(Web page caption snippets)
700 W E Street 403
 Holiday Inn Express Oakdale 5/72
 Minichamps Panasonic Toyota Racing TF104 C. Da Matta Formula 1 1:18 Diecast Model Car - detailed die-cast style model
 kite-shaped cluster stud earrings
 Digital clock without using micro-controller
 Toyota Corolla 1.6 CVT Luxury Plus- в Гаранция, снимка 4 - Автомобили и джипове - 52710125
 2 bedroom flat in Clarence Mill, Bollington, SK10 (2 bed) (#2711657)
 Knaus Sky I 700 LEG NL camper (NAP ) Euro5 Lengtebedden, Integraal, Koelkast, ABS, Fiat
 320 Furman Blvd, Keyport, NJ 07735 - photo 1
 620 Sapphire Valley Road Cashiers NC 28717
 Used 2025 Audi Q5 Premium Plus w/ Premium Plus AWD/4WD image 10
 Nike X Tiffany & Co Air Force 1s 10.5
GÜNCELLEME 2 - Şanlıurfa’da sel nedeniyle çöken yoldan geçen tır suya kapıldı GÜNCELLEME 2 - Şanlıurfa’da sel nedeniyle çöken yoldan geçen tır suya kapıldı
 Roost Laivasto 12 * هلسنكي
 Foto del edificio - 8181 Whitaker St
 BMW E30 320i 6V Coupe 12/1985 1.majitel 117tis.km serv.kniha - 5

§ **Description of the task**
Write out the lines of the records exactly, starting at the one holding "320 Furman Blvd, Keyport, NJ 07735 - photo 1" and ending with the last line, and include no others.

§ **Solution to the problem**
 320 Furman Blvd, Keyport, NJ 07735 - photo 1
 620 Sapphire Valley Road Cashiers NC 28717
 Used 2025 Audi Q5 Premium Plus w/ Premium Plus AWD/4WD image 10
 Nike X Tiffany & Co Air Force 1s 10.5
GÜNCELLEME 2 - Şanlıurfa’da sel nedeniyle çöken yoldan geçen tır suya kapıldı GÜNCELLEME 2 - Şanlıurfa’da sel nedeniyle çöken yoldan geçen tır suya kapıldı
 Roost Laivasto 12 * هلسنكي
 Foto del edificio - 8181 Whitaker St
 BMW E30 320i 6V Coupe 12/1985 1.majitel 117tis.km serv.kniha - 5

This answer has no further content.